Required work: Wherever the listing has a line with the string "Ball", copy that line out.
>>>
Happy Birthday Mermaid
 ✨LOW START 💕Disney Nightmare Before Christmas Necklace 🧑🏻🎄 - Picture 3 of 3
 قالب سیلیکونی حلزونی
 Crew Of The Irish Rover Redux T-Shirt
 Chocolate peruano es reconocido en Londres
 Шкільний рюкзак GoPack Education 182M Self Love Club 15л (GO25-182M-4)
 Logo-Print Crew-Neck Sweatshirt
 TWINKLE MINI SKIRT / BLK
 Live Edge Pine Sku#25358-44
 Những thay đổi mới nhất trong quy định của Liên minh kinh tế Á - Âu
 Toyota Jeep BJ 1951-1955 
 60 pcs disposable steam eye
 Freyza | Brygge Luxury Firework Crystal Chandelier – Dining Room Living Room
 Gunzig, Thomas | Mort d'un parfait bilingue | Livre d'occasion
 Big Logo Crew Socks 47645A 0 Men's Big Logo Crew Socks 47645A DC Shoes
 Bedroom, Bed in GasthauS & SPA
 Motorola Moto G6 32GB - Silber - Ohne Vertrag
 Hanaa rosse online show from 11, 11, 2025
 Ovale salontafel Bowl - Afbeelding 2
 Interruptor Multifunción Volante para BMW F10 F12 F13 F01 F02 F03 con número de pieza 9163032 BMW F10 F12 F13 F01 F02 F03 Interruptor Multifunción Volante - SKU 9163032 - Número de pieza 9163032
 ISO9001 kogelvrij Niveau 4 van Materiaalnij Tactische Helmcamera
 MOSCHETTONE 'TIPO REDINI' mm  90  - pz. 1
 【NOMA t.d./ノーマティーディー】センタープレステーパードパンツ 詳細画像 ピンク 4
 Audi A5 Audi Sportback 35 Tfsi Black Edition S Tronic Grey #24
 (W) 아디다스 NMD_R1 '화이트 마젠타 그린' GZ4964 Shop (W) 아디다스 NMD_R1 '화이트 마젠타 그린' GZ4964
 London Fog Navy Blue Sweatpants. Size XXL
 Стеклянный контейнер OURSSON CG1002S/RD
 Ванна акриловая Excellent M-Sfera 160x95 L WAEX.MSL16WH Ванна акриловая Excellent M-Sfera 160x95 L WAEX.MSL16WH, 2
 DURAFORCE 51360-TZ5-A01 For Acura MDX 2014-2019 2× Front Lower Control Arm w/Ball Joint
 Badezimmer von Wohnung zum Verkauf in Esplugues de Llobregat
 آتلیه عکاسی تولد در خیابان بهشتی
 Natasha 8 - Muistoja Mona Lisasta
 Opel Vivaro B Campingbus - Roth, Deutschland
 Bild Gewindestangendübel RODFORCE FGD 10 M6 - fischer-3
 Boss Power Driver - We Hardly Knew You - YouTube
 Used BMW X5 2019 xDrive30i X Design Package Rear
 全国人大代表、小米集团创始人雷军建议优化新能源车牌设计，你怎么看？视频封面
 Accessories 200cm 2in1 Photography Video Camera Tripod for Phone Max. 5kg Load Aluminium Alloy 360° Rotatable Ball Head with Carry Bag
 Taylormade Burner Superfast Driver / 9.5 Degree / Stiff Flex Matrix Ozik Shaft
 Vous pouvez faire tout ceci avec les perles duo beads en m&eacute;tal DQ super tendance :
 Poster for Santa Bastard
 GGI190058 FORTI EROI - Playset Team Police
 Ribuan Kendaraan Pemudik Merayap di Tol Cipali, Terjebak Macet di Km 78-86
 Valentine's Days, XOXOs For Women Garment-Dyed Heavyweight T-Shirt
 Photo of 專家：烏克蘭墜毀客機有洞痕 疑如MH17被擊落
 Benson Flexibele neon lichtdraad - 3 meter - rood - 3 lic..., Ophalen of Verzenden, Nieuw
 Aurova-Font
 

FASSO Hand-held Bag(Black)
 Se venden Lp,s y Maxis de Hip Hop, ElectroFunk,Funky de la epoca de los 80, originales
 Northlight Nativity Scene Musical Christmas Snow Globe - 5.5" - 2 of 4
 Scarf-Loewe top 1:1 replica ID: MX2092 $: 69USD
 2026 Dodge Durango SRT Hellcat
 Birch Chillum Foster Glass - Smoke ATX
<<<
Exercise answer:
 DURAFORCE 51360-TZ5-A01 For Acura MDX 2014-2019 2× Front Lower Control Arm w/Ball Joint
 Accessories 200cm 2in1 Photography Video Camera Tripod for Phone Max. 5kg Load Aluminium Alloy 360° Rotatable Ball Head with Carry Bag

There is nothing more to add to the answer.